Ethics – Each member of the team picked one of the six characteristics of professionalism (Going Pro book) and will make a presentation to the group about how that topic affects the execution of their daily duties.
Continuous Improvement – The first agenda item of every monthly pilot/maintenance meeting is a “What would I have done better?” drill. We have had some great debriefs out of this drill.
[Note: The Going Pro book referred to in the above example is Going Pro: The Deliberate Practice of Professionanlism by Tony Kern.]
Example 3: The Six Cs
One flight department submitted the following:
Conveying the concept of professionalism can be complex, so we decided to focus on the things we do every day that indicate what professionalism is all about.
These six traits are incorporated into the way our department operates, the attitude that our flight crews exhibit and the commitment we each make as members of the department. It’s not rocket science. Professionalism, no matter what kind of catchy phrase you put with it, revolves around commitment, integrity and teamwork.
With the exception of Commitment, there is no particular order or level of importance. Commitment must always remain a top priority and the starting point for any person or department that wishes to increase their professionalism.
The other five Cs can be reordered in any way that seems appropriate. One may have more importance than another during a particular event, but they always remain connected.
The first step in becoming more professional is making a commitment to being professional. Then, get buy-in from each member of the department. Finally, secure support from senior management.

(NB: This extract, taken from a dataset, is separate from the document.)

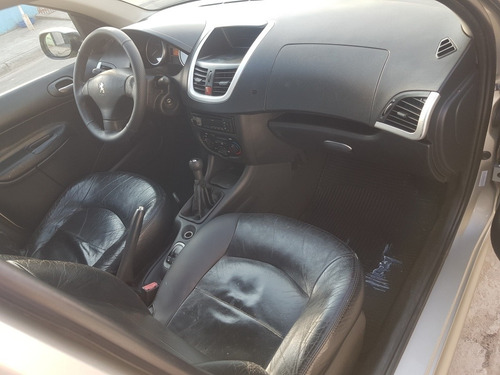 Imagem 5 de 6 de Peugeot 207 Passion 2011 1.4 Xr Flex 4p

Strive for excellence, not mediocrity. Train, train, and then train some more. It is no longer sufficient to be just a good pilot. Each person must understand the entire process of a safe flight. Learn your trade, and learn it well.
Set rules and expectations and communicate them to everyone involved, then ensure that a channel of communication remains open at all times. Remember that communication involves input and output. You must listen and understand as well as talk, and you have to make sure that you are understood. Never make assumptions. Have meetings and have them often. You can never have too much communication.
There is no point in setting rules and policies if they are not followed and enforced. Comply with the rules – whether it’s the FARs or company policies – no short cuts, no exceptions.
Work as a team. One person may be able to set the tone, but no one person can make an entire department be professional. It takes each member of a department to go from good to great.
Do the right thing all the time, not just when it is convenient. Do the right thing even when your job is at risk. Do the right thing even when no one is looking. If you waiver in your integrity, no one will take you seriously. If you are a leader, set the right example. If you are a follower, support the leader. If the leader has support, he or she can focus on what is ahead, not on what is coming up from behind.